■ Dataset excerpts ■
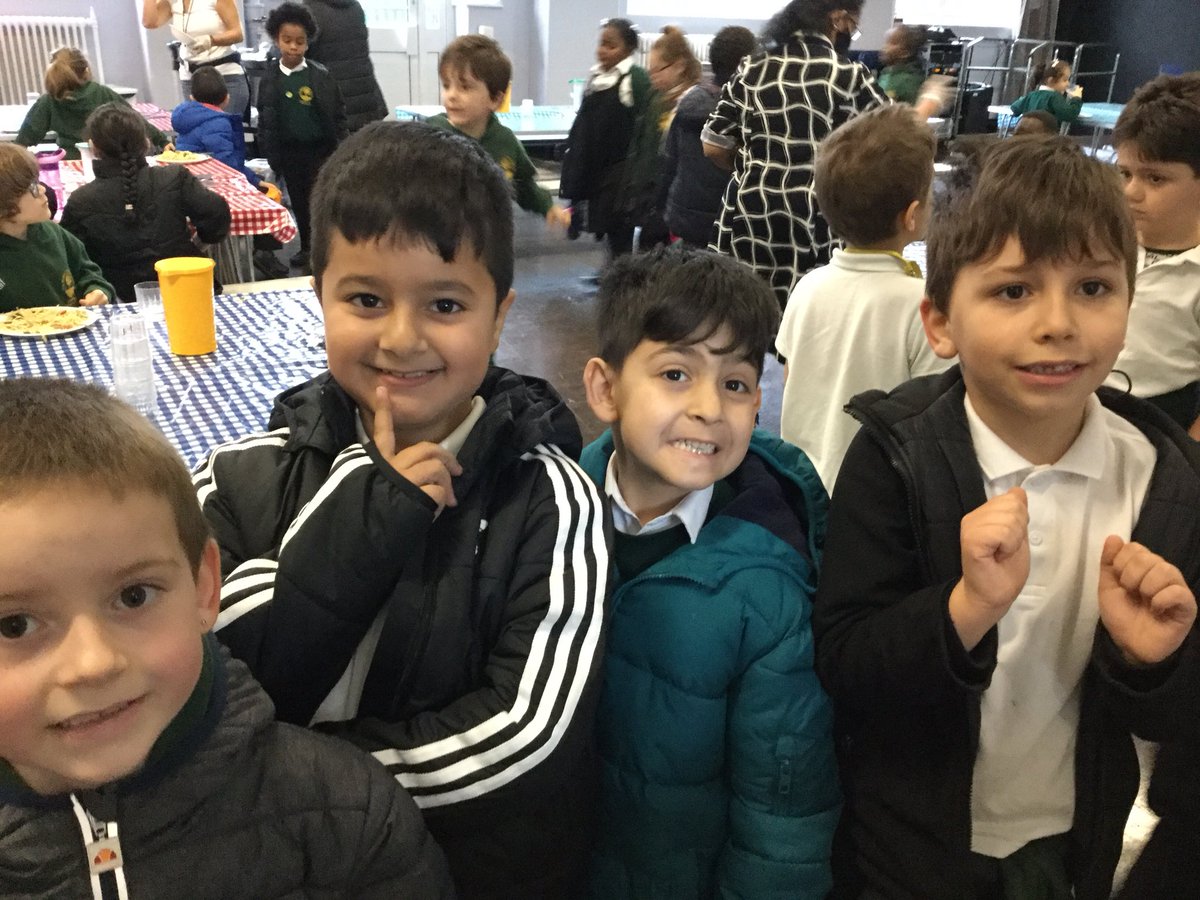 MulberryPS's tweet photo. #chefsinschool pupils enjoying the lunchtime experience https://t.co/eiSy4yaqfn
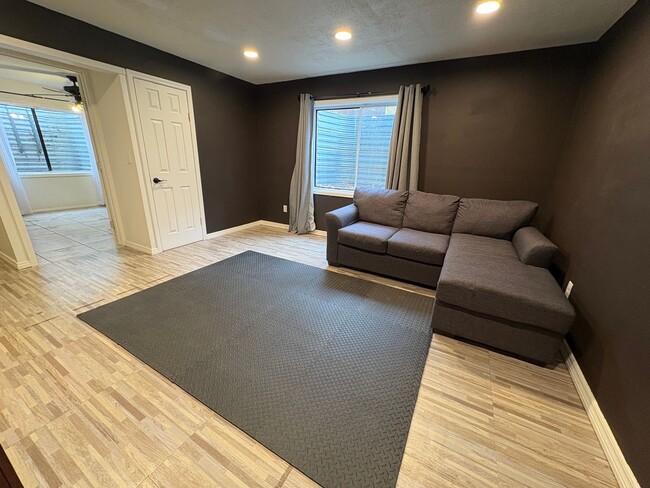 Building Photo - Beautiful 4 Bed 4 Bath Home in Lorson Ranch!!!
==
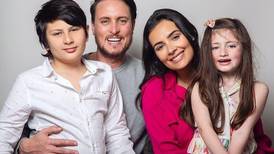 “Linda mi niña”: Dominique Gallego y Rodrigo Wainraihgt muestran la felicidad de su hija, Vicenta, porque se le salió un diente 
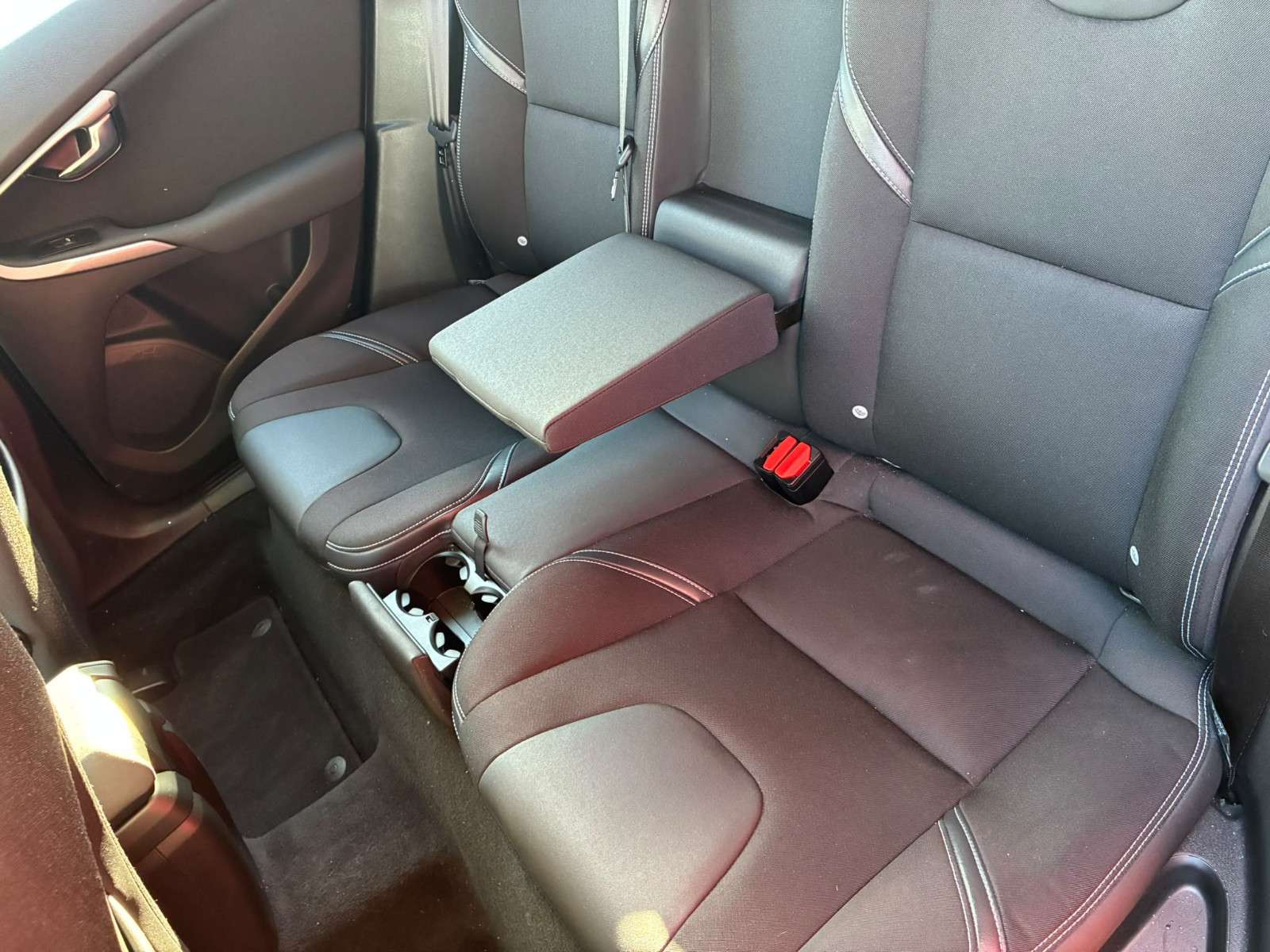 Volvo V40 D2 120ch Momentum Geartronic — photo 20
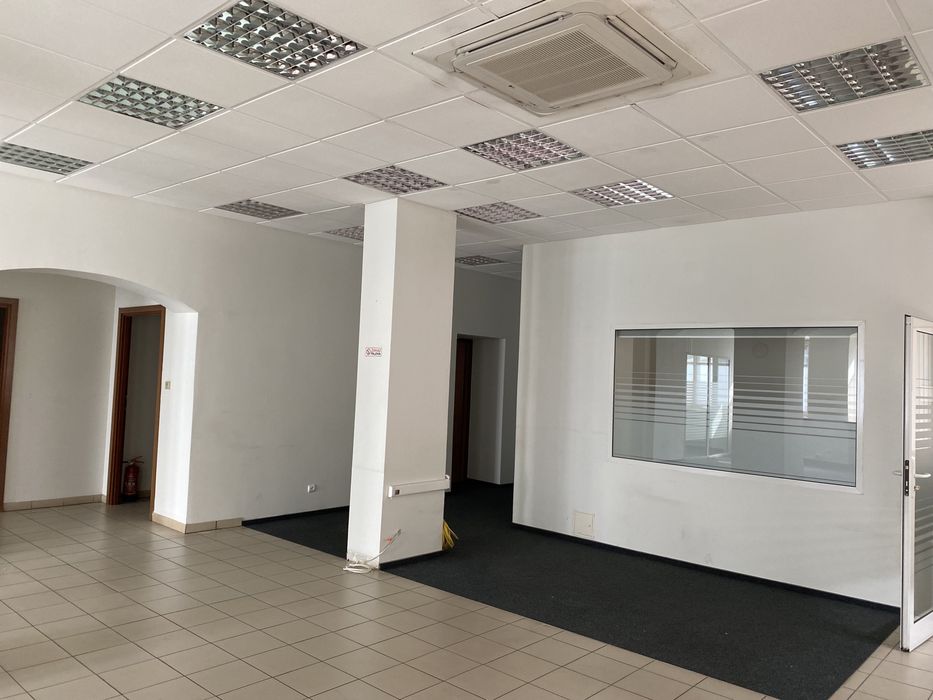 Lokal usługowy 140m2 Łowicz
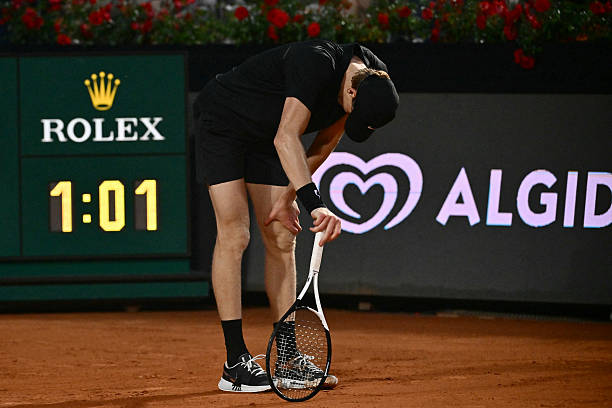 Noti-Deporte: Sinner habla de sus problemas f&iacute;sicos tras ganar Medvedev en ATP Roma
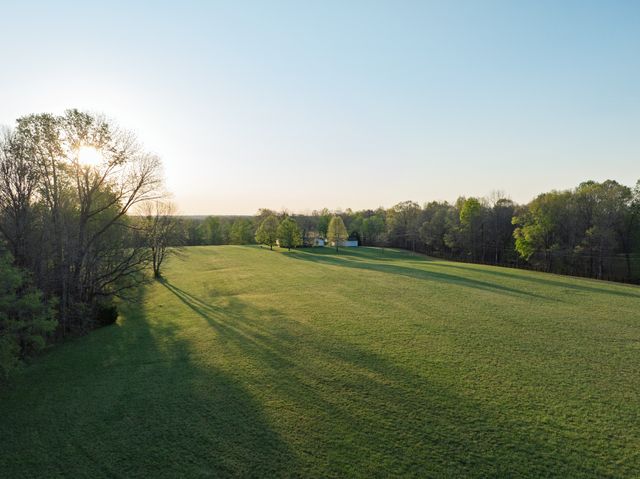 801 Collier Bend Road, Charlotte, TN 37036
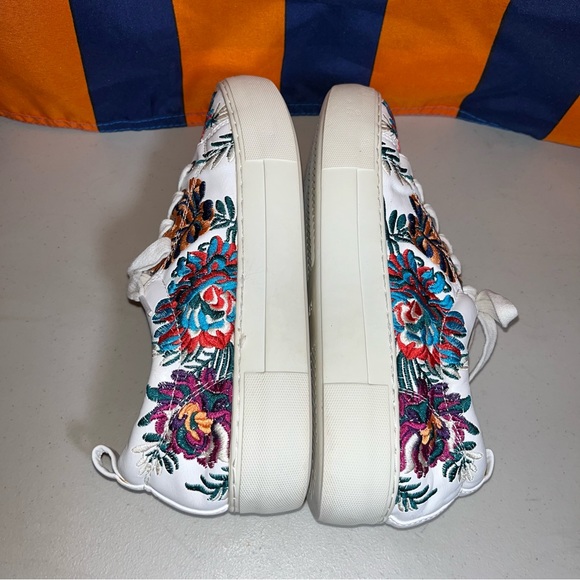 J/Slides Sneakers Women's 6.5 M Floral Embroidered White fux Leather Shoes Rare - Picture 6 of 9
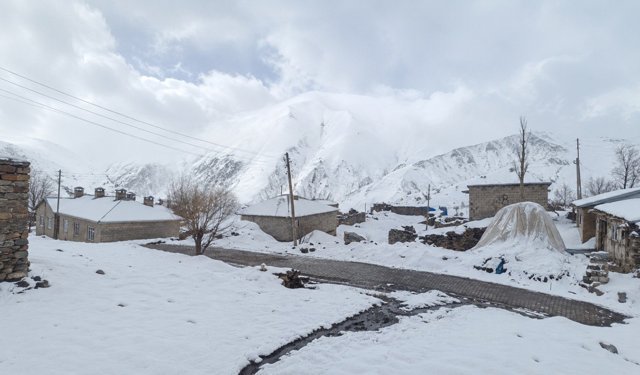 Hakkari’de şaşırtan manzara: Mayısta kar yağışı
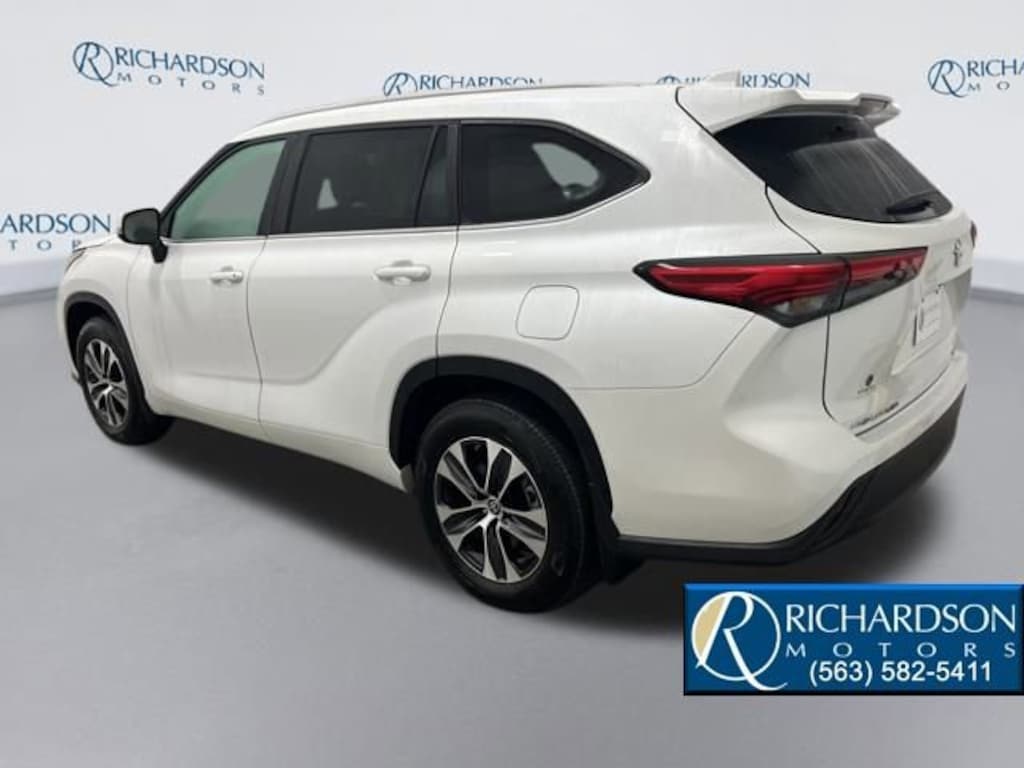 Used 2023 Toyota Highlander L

■ Your instructions ■
Within the listing above, the stretch from the line with "Lokal usługowy 140m2 Łowicz" down to the line with "Used 2023 Toyota Highlander L" is to be given again exactly, end lines included and pictures excluded.

■ Solution for this problem ■
 Lokal usługowy 140m2 Łowicz
 Noti-Deporte: Sinner habla de sus problemas f&iacute;sicos tras ganar Medvedev en ATP Roma
 801 Collier Bend Road, Charlotte, TN 37036
 J/Slides Sneakers Women's 6.5 M Floral Embroidered White fux Leather Shoes Rare - Picture 6 of 9
 Hakkari’de şaşırtan manzara: Mayısta kar yağışı
 Used 2023 Toyota Highlander L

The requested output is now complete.